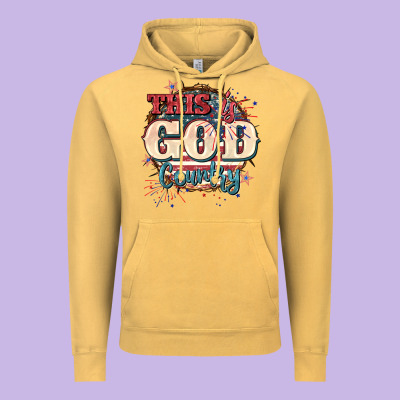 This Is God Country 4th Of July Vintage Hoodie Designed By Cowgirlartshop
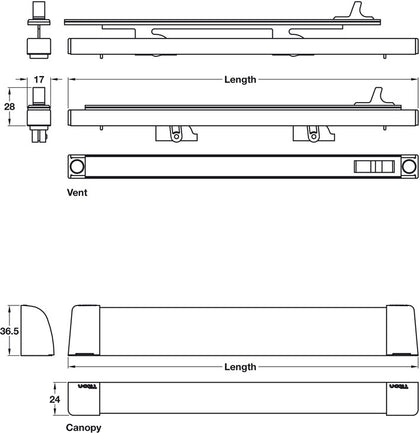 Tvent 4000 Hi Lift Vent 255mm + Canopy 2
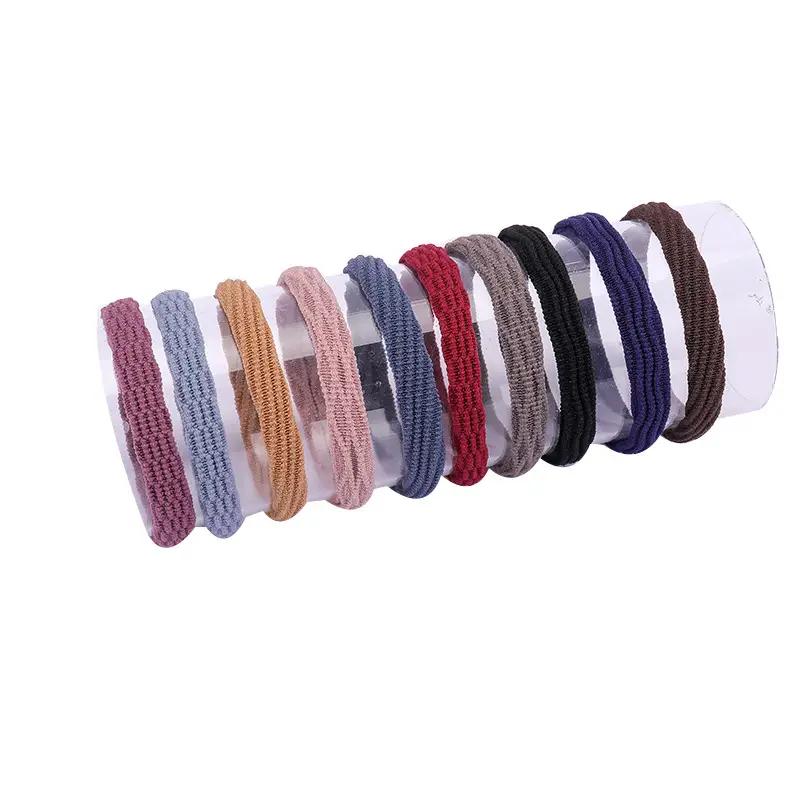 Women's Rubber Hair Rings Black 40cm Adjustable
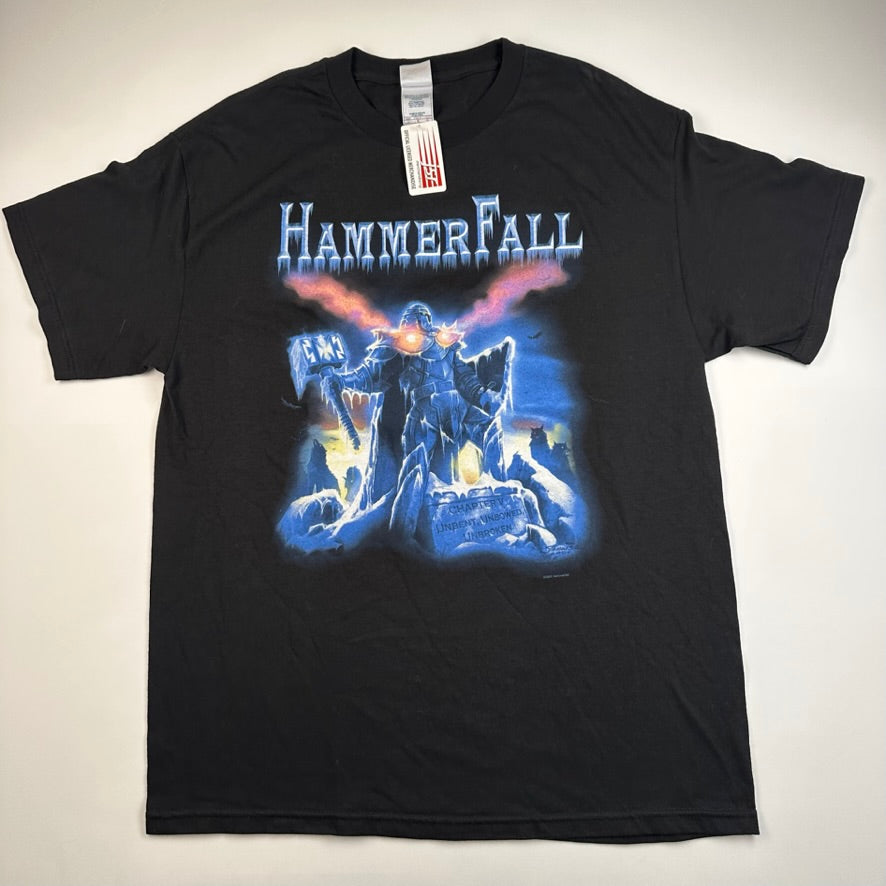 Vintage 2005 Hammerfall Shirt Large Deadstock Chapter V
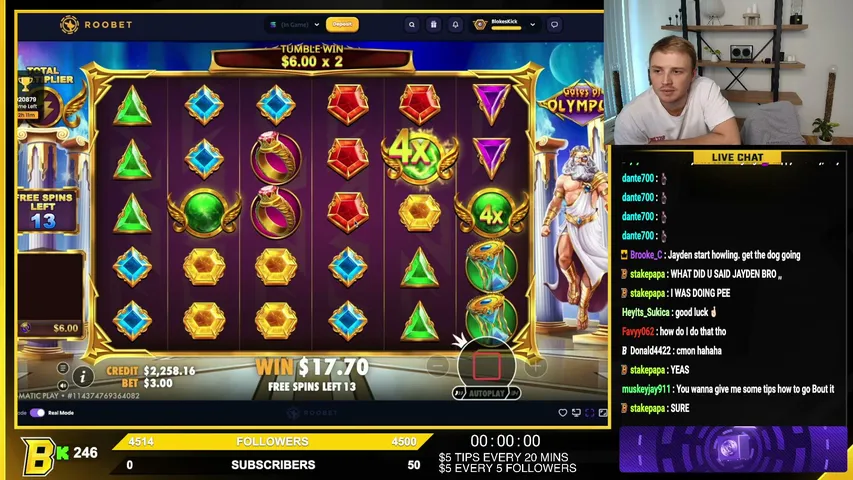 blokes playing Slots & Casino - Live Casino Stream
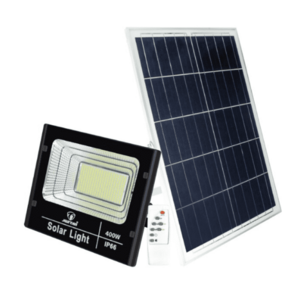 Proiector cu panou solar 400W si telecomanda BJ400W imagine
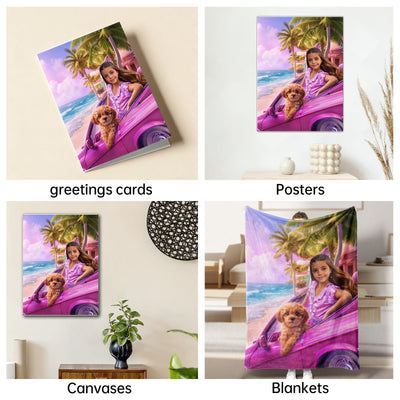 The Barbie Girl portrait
--
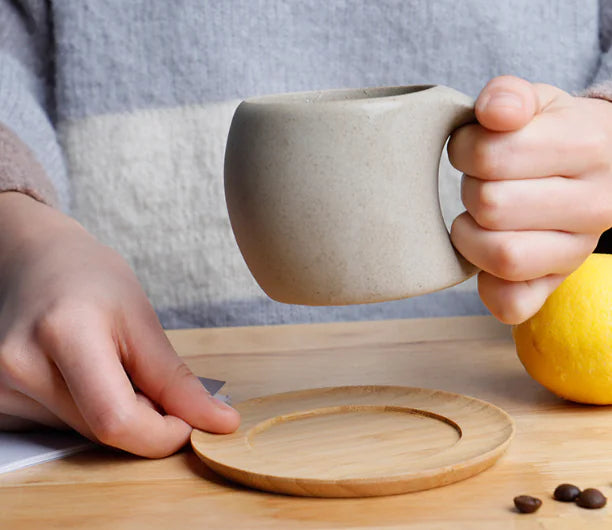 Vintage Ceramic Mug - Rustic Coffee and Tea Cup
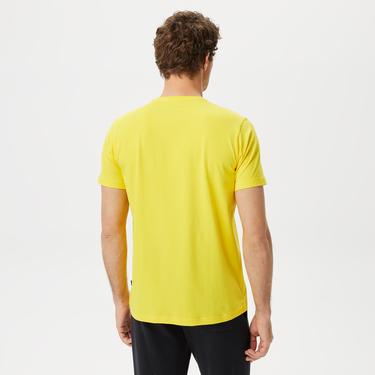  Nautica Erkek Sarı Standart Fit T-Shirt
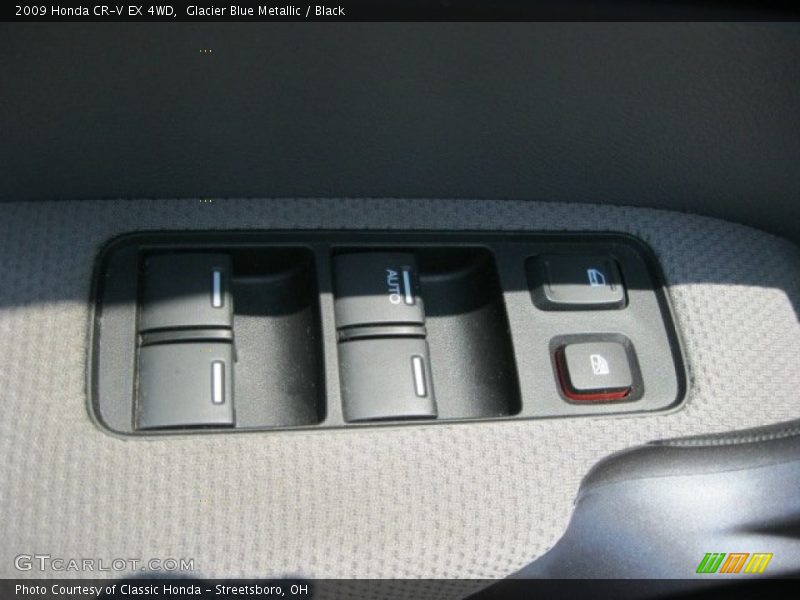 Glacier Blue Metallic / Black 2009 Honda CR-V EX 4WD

EXERCISE DETAILS: Beginning at the line above that contains "Proiector cu panou", repeat each line exactly through the one that contains "The Barbie Girl portrait", and leave out the pictures.

WRITTEN ANSWER:
 Proiector cu panou solar 400W si telecomanda BJ400W imagine
 The Barbie Girl portrait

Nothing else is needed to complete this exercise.